Now remember to set your gas flow rate to the correct setting which should be listed in your manual... Also, if your welding outdoors or where there's a breeze, make sure you block the wind from blowing your gas shield away from the welding zone, comprende?

It seems like you're really enjoying this adventure, and I'm glad you are!!!

Not to bum you out but, Most important of all: THINK SAFETY!!!
I say this because, if you do'nt you'll soon lose your enthusiasm and love for this noble craft!!!

Dios te bendigas hermano!!!

Respectfully,

SSBN727 Run Silent... Run Deep!!!
Parent - By CHEVYTOWN13 (**) Date 07-31-2003 23:26
Horale compa!

I did notice when the voltage was low it was not penetrating much but melting the wire as to give it the appearance that it penetrated. I reached for the pipe and broke in two easily.

I'm getting better at it.

I even forgot to add the second tack (on the other side) on one occassion so the pipe won't distort and the other side was about 1/8 off after I welded about a 1" seam. I suddenly thought about a bridge and began to build up on both ends and then moved inward in a very fast fashion. Damn, I swear, they look awesome. I was expecting Mt. Everest or something to that nature. But in fact it was low and stout. Looked inside the pipe and no crazy breakthrough. I must have lucked out. I'll try on the rest.

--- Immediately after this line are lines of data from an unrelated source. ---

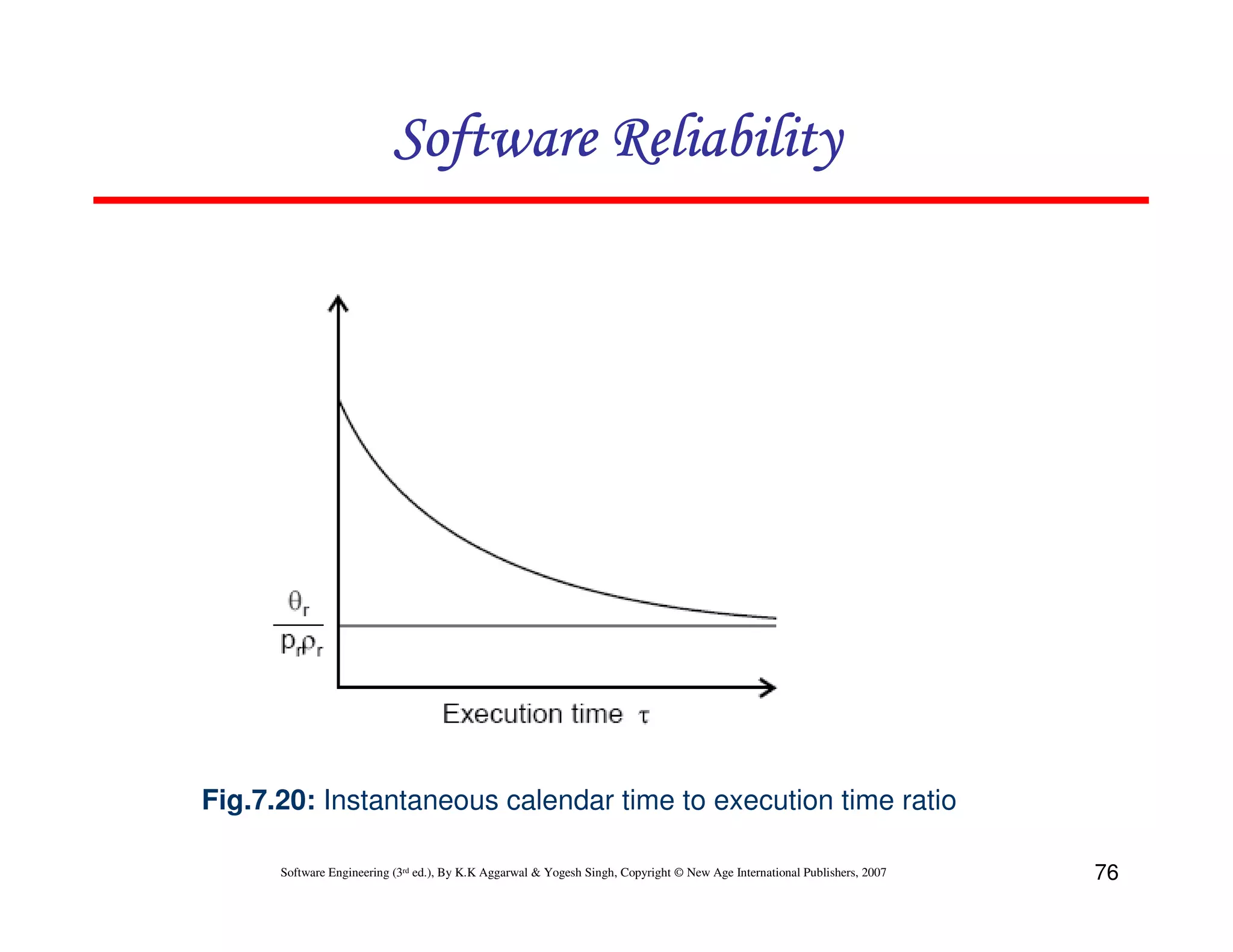 Software Reliability

Fig.7.20: Instantaneous calendar time to execution time ratio
Software Engineering (3rd ed.), By K.K Aggarwal & Yogesh Singh, Copyright © New Age International Publishers, 2007

76

 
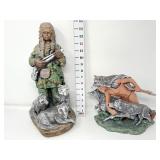Chalk & Ceramic Native Americans w/Wolves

I hear ya on the Safety homeboy. The shop dude gave me a Welding 101 on the do's and don'ts. I'm safety minded as hell right now. Luckily for a newbie, I have the flux cored wire. The gas is a different ball game and would rather go to school for that. But I'm jammin' on the FCAW and can't wait to do my exhaust.

Then the chairs cometh! BTW carnal....GO STEELERS!